There are no Transceivers that are "Type Accepted" for both Marine and Ham usage in the US. This is quite deliberate and is not likely to change anytime soon, because the FCC wishes to maintain the distinction between the two types of Services.
That doesn't mean that Ham gear can't be modified, often trivially these days, to operate anywhere in the HF Range in any Mode. It happens all the time, and one has to be really obnoxious for the FCC to take any interest. "Really Obnoxious" is becoming more common as well.
(There is a valid reason for ease of modification; it's just too complicated for a Manufacturer to customize their gear for all of the various Regulations in all of the various Countries. So the right kind of Technician with the right kind of Test Gear shouldn't find it too difficult to do it legally, and expensively.)

Most Nations have similar Regulations, but they often differ in the details. Why this is has to do with one man, and one International event.
The Man was Guglielmo Marconi, the first Ham, and the first Marine Operator, on the SS Philadelphia. The event was the sinking of the Titanic a few years later; Marconi's gear meant that there were Survivors.
Back then, Commercial and Amateur Operators walked all over each other, and it was then seen that there was a need to separate the two. Any Reception was to be encouraged, but Transmission was to be restricted. Thus the "Radio Act Of 1912" in the US, and the "International Convention for the Safety of Life at Sea" in 1914, which never actually went into effect because of what happened in August of that year. WWI saw the introduction and growing importance of a third kind of Radio Operations- Military.



Now, with all of that out of the way, let's answer the questions:

"If you are FCC licensed, do you use your ham call sign, or the ship's station call sign?"
If you are using Ham Gear on the Ham Bands, you use the Ham Call sign. With direct supervision, others may use the rig. If you are using Marine Gear on the Marine Frequencies, you use the Ship's Station Call Sign. Note that during Emergencies, these distinctions melt away, on purpose.
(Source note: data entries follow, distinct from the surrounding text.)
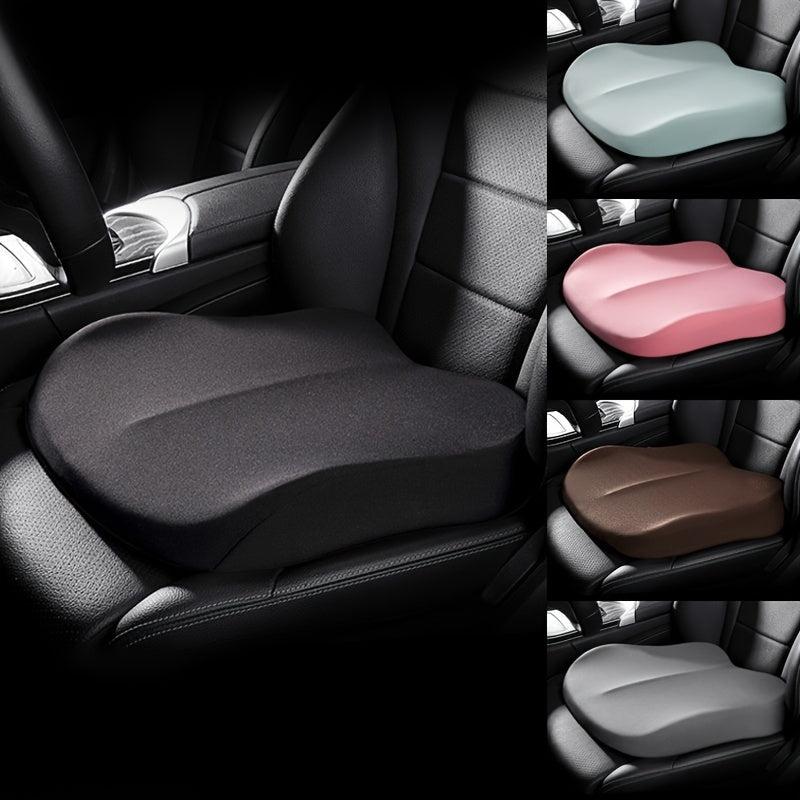 Memory Foam Car Seat Pad - Comfortable Cushion for Driving & Office Chair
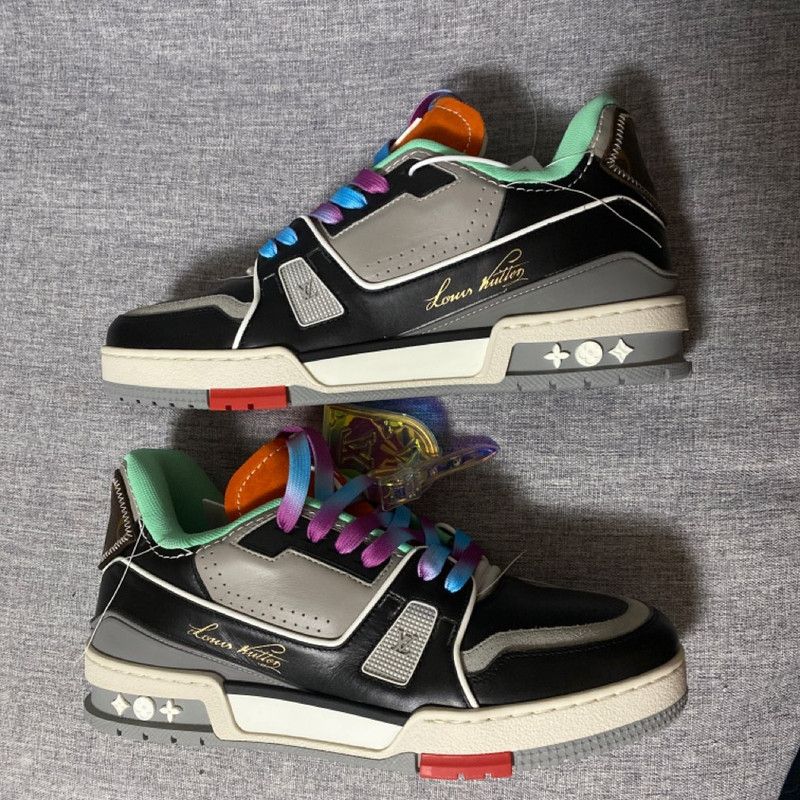 Louis Vuitton Louis Vuitton Trainer Fashion Sneakers for Men 0079 Size US 7.5 / EU 40-41 - 3 Thumbnail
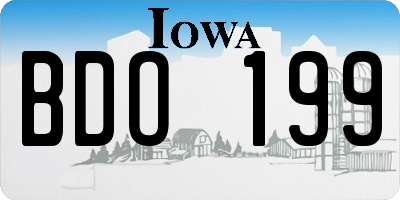 IA license plate BDO199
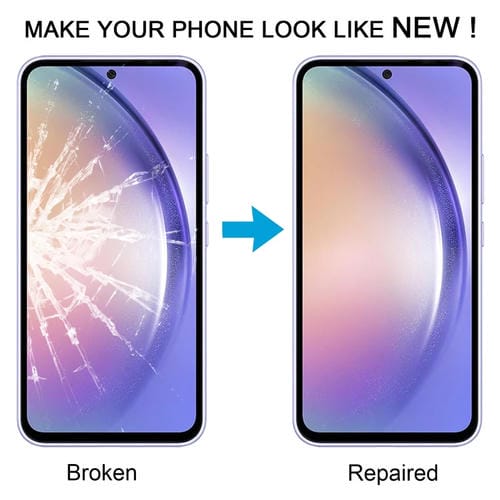 Glass Lens Front Screen Samsung Galaxy A54 SM-A546B with OCA Adhesive (10 Pieces)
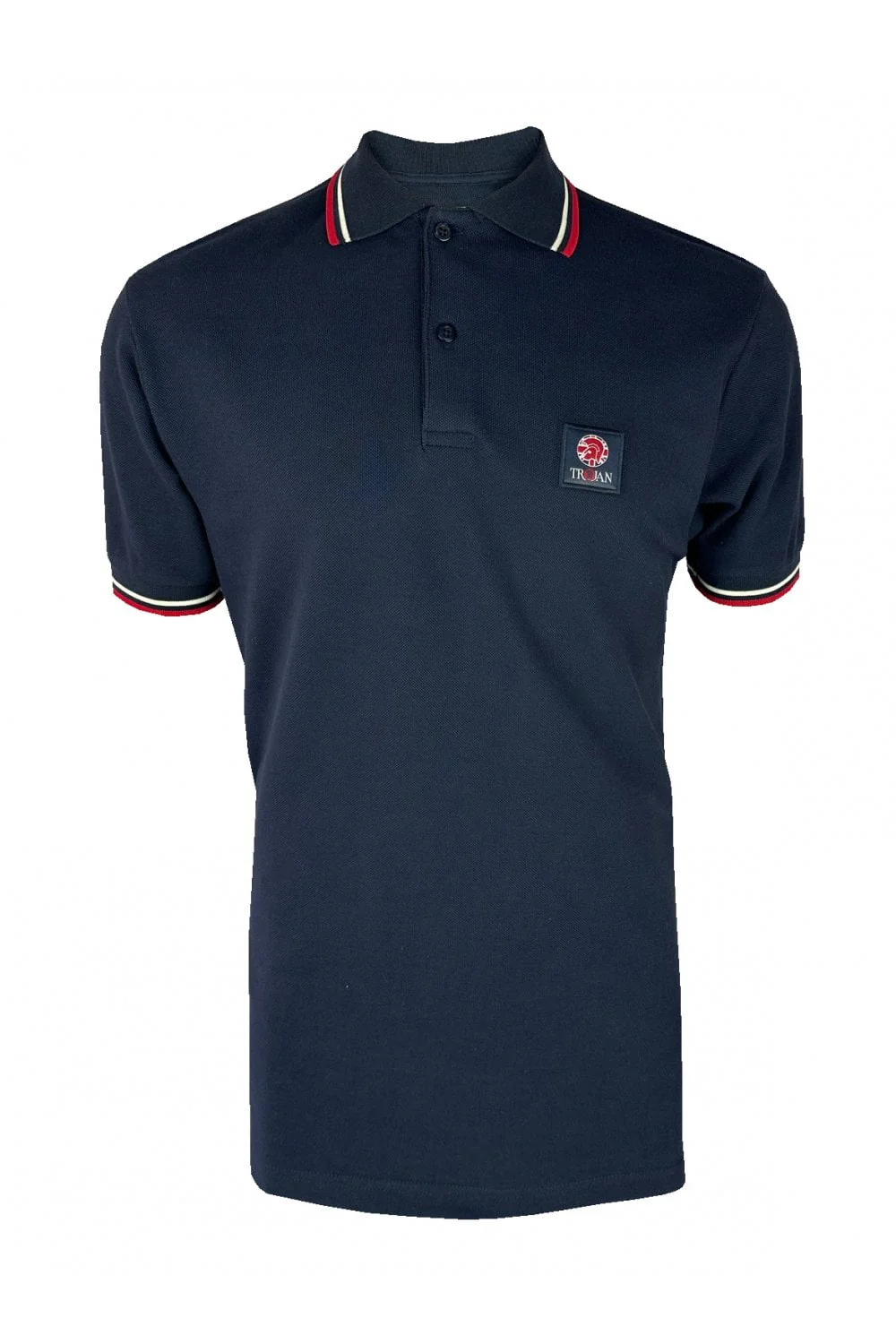 Trojan Twin Tipped Polo in Navy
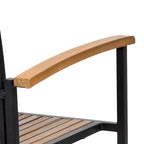 Chaise en bois et métal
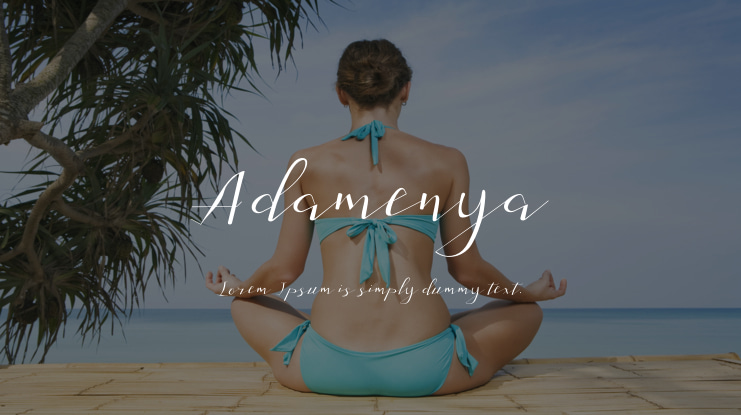 Adamenya Font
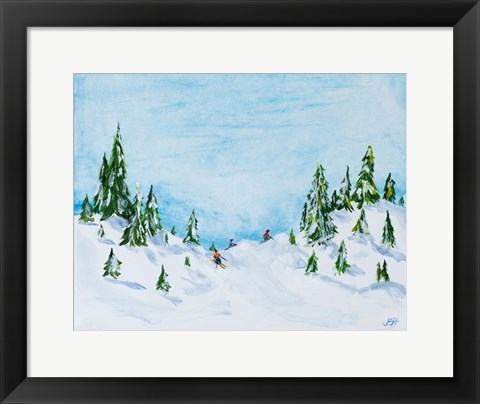 Framed Winter Fun I Print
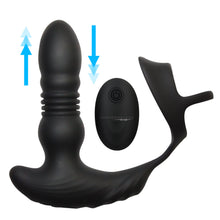 Thrusting Vibrator With Cock And Ball Ring And Remote Control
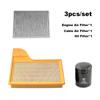 3pcs Filter Set For FORD MUSTANG 3.7L 2014 2015 MUSTANG GT 5.0L GT350R 5.2L A/C Cabin Engine Air Oil Filter Kit Parts FR9601AA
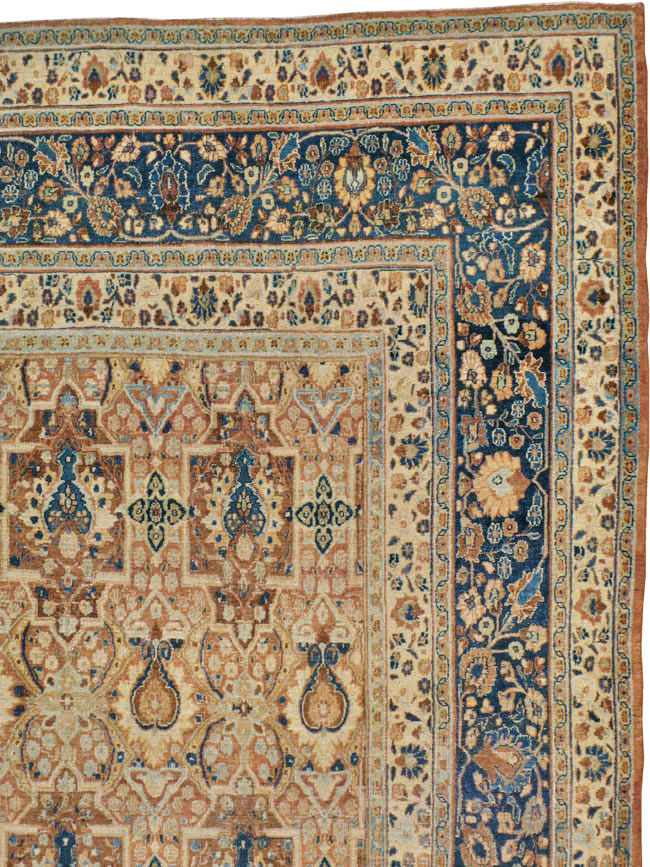 Antique Persian Dorokhsh Carpet, No.18136 - Galerie Shabab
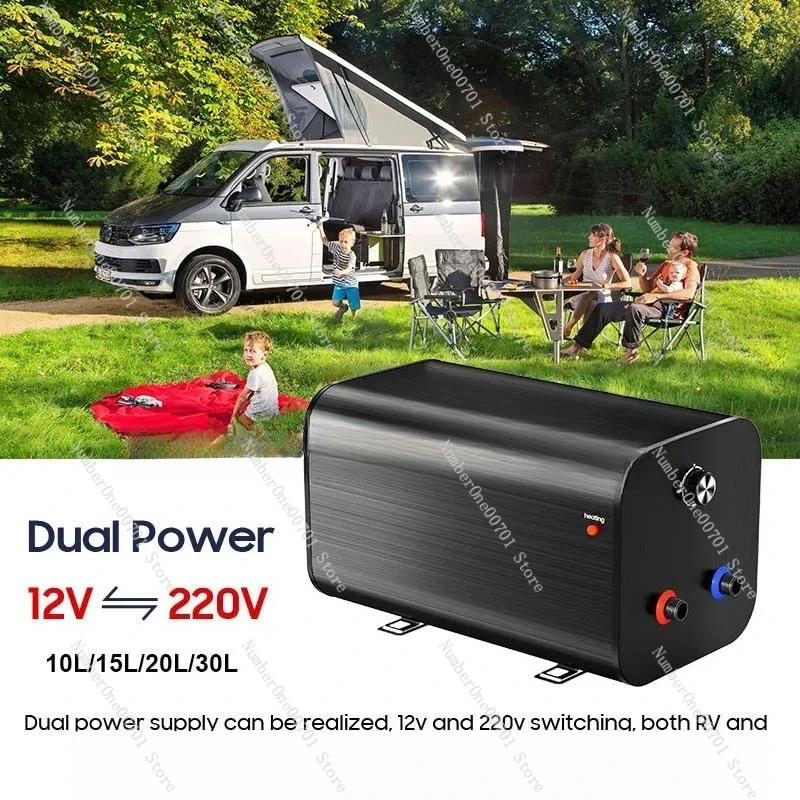 300W 15 Liter 20L 30L DC 12 Voltage 12V 220V Caravan Boiler Tank Storage Electric Hot Water Heater for RV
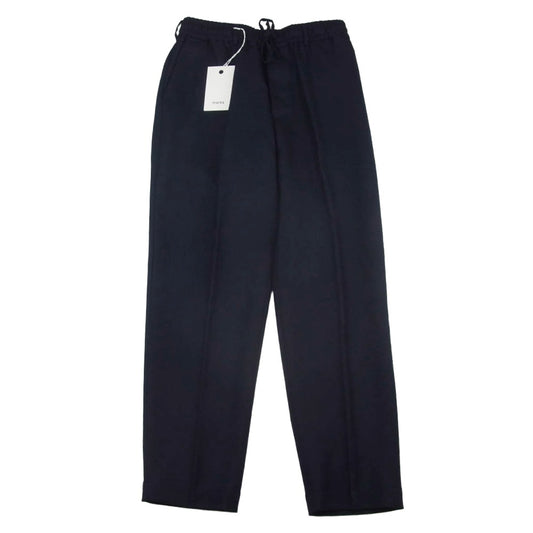 marka マーカ M22C-07PT02C STITCHLESS TROUSERS ステッチレス トラウザーズ ウール パンツ ネイビー ネイビー系 2【中古】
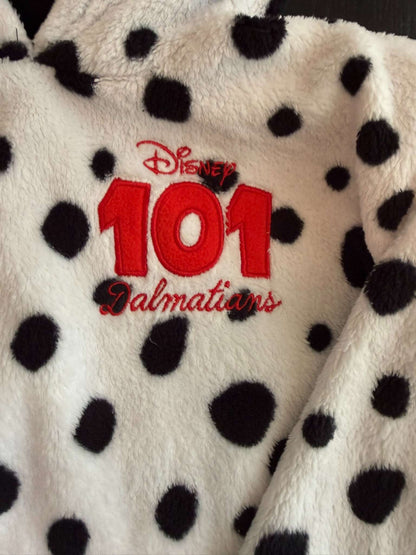 Disney 101 Dalmatians Fleece Wearable Blanket Hoodie Pillow Size 5T, Kids 5/5T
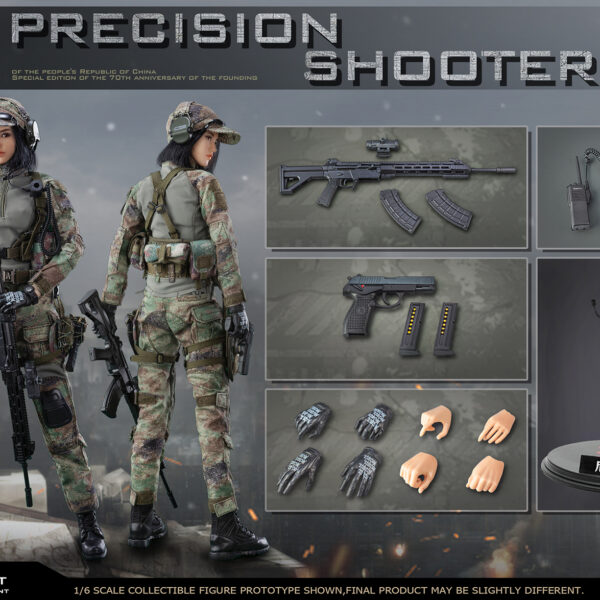 FS-73050 - FLAGSET 1/6 Military Soul Series - Precision Shooter Niya Female Team Member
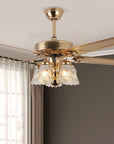 Helvano | Deckenventilator mit Licht im Landhausstil, 5-flammig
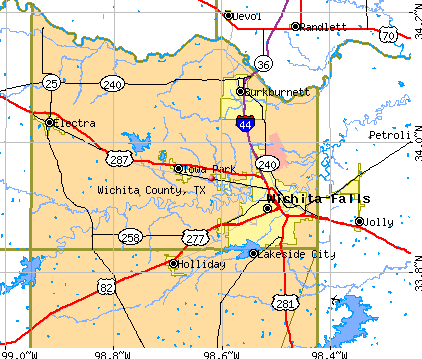 Wichita County, TX map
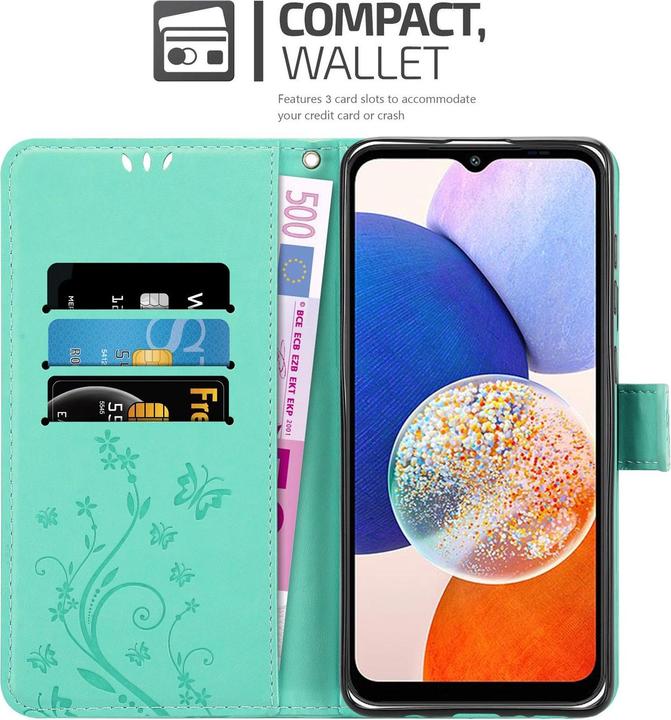 Image du produit Cadorabo Housse pour Samsung Galaxy A14 4G / 5G / M14 avec motif floral (Samsung Galaxy M14, Samsung Galaxy A14)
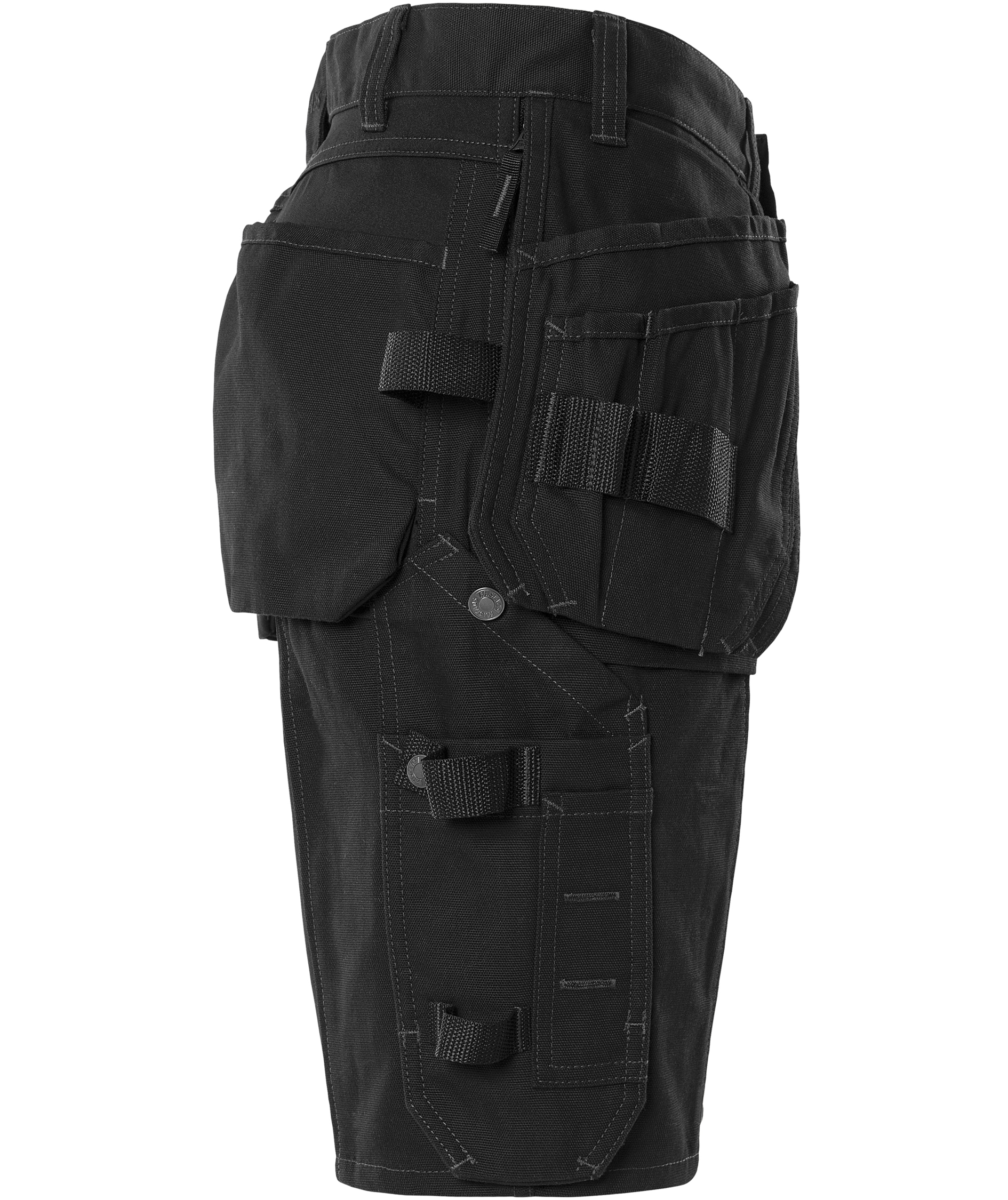 Fristads dame h&aring;ndverkershorts 2527 GCYD, Svart, large image number 2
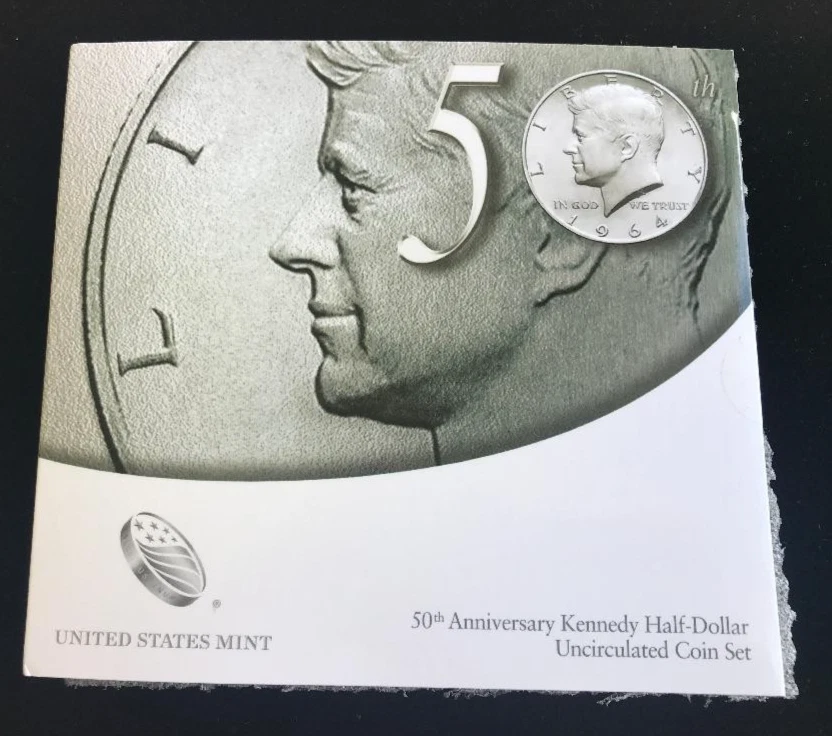 2014 KENNEDY HALF-DOLLARS ~UNC. P & D ~50TH ANNIVERSARY SET ~U.S. MINT PACKAGING - Image 1 of 4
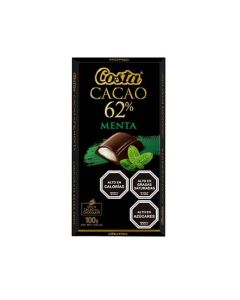 Chocolate Costa Cacao 62% Menta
The Lessons of the Titanic were learned.

"If you are FCC licensed, do you even need the ship station license?"
Again, there are different kinds of Licenses for different purposes. The Ship's Station License is needed for the communications gear on the Marine Frequencies, on Type Accepted equipment. An Operator's Permit is required to use it. Only one Permit is required; anybody on board can share it.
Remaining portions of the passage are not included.